Anatomically correct Martin Villafana, in his acting debut, plays the enormous Junior, and if his delivery is slightly stiff, the role accommodates it; he’s emotionally true, and moves through his part with the motive delicacy of the very big. Lynn Whitfield (Eve’s Bayou) is Mom, all buttoned up with nowhere to go; Rainbow Sun Francks, born about a decade too late for his name, is Junior’s friend and protector, Buddy; Sarah Polley (tiny in The Adventures of Baron Munchausen, bigger in The Sweet Hereafter) is Buddy’s beloved Butter; Homicide’s subtly solid Clark "Meldrick Lewis" Johnson is a janitor-professor and builder, in the school basement, of a 10-planet model solar system (the 10th planet being Junior’s); and Margot Kidder is (I don’t want to say typecast as) a paranoid piano teacher. All are as fine as baby hair.

The titular teenage quartet of Zoe, Duncan, Jack & Jane (the WB’s bid to extend its highly successful youth franchise into situation comedy, Sister Sister having entered the college years) is more materially and socially privileged than the inhabitants of Junior Brown’s Planet —they’re white prep-school students, and they live in a sitcom, which means that nothing permanently bad can happen to them — but no less confused, no less alienated, no less unadapted. (This is of course the great teenage affliction, and the not-so-secret theme of all these series.) You may have heard the show described as kind of an adolescent Seinfeld, and there are superficial similarities: the central inseparable quartet, the short scenes, the NYC locale, the habitual nicknaming, the secondary grotesques (a mean girl in a wheelchair, a man with one eyebrow), the sitting around in a place where coffee is served.
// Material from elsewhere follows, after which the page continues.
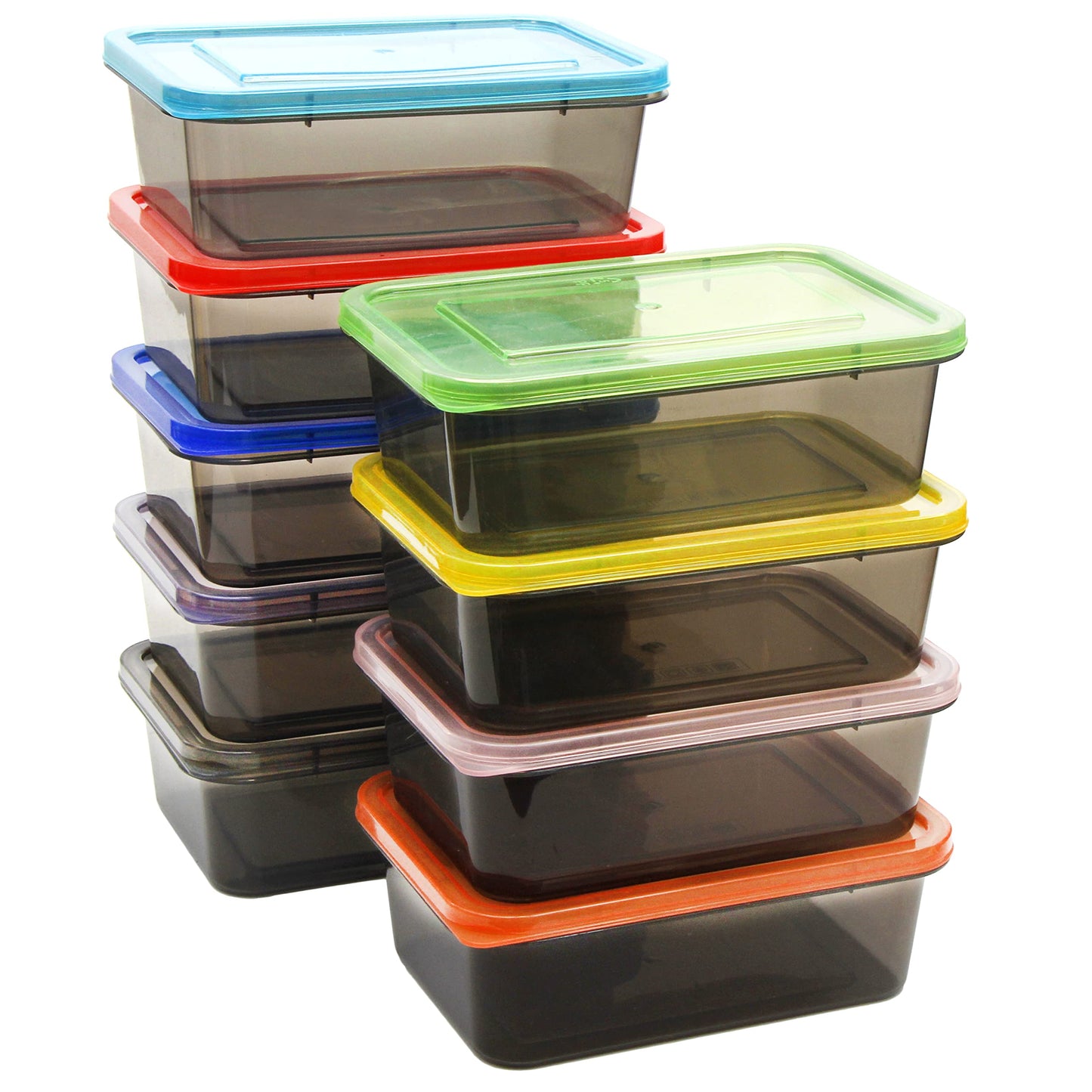 Youngever 9 Sets Thick Bento Lunch Box, Meal Prep Containers, Reusable Plastic Food Storage Container Boxes (One Compartment 20 Ounce)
Woody Allen is also invoked, if not evoked: Fielding Mellish (Allen’s character in Bananas) is the school they attend, and the word transplendent is at one point waved like a colored banner.

But J.D. Salinger, bard of disaffected/self-absorbed/spiritually questing Manhattan youth, seems to me the show’s real patron saint. Indeed, Zoe (the resonance with Zooey, as in Franny &, is perhaps not accidental) begins the pilot on a subway platform reading Catcher in the Rye. ("I’m reading it for school," she tells hunky older guy Scott Foley, moonlighting from Felicity, which in a sense is a slightly older version of this series, twice as long and without the laugh track, "but I would have read it anyway.") Though the principals share their domain-mastering counterparts’ preoccupation with sex, it’s because they’ve never had any: Zoe spends one episode considering whether to lose her virginity but in the end opts for another day, or many more, of childhood. One feels that, like Holden Caulfield (or Junior Brown), she would be distressed to find the word fuck written where little kids might see it. (Here, for example.) And where Jerry & Co. are Greek-tragical cartoons doomed to perennial envy and frustration, Zoe et al.works the warmer emotions. Being young, the characters are still more defined by what hasn’t happened to them yet than by what’s gone horribly wrong; they look forward. David Moscow (Duncan, lactose intolerant), Michael Rosenbaum (Jack, willfully smooth) and Lulu-bobbed Azura Skye (cynical, sad Jane), who might have something to discuss with Rainbow Sun Francks, are all jolly amusing; but there’d be no show worth mentioning without Selma Blair’s Zoe, its center of gravity — the series was originally called Zoe Bean — and the only character who isn’t even the teensiest bit a caricature. Blair, though she is in real life already out of college, seems persuasively untested; she’s got flusterability, and a face that lights with delight. Zoe, Duncan, Jack & Jane has taken some knocks from the critic corps, but I find it sweet and appealing and fairly often funny — which, if my affections hold to form, means it’ll be off the air before you reach the next paragraph.